The Führer has declared war on the evils of democracy and as Germans, they should carry out his wishes and claim power. The crowd salutes, "Sieg Heil!"

Kurt Schneider, an unemployed malcontent, is inspired to become a spy and writes to Hitler's personal newspaper. German Naval Intelligence knows that he is not a double agent because the Americans have no formal counterespionage system. Franz Schlager, a naval officer sailing to New York on the steamship Bismarck, is ordered to contact Schneider.

On board the Bismarck, the power of the Gestapo is shown. Beauty operator Hilda Kleinhauer informs on her clients and carries material for Schlager.

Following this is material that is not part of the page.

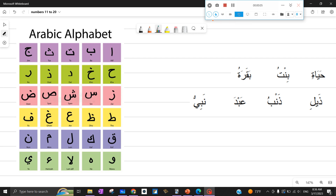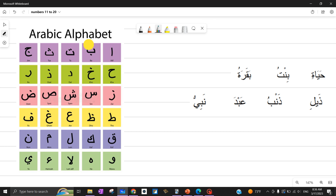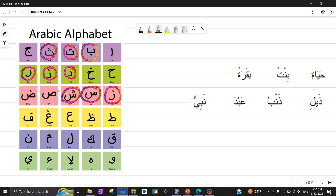Assalamu alaikum, welcome back my friends and students. This video is especially for writing practice. Up till now we have completed 12 letters in Arabic, as you can see in the table of Haruf al-Hijaiya. These are the letters completed in our step-by-step book: ba, ta, tha, and ra. If you remember all the writing rules of these letters - seen, sheen, sad - and then we did dad, and the last video we did was the dad and waw.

An American Legionaire challenges Kassel at a meeting. He and others speaking out for democracy are attacked.

Schneider boasts to his friend Werner, a private in the Air Corps, that he receives instructions from Hitler. Werner gets the Z code, and Schneider obtains medical records that will reveal troop strength in New York. Schneider proudly gives Schlager the information and receives $50 a month, Mrs. MacLaughlin's address, and a list of new objectives.

Kassel is called back to Germany.  He takes his mistress, Erika Wolff, and leaves his wife behind. The narrator provides a dramatic description of the fascist way of life. Kassel is put in charge of all Nazi activities in the United States. Under the slogan, "America for Americans," the country is swamped by propaganda while spies target military operations.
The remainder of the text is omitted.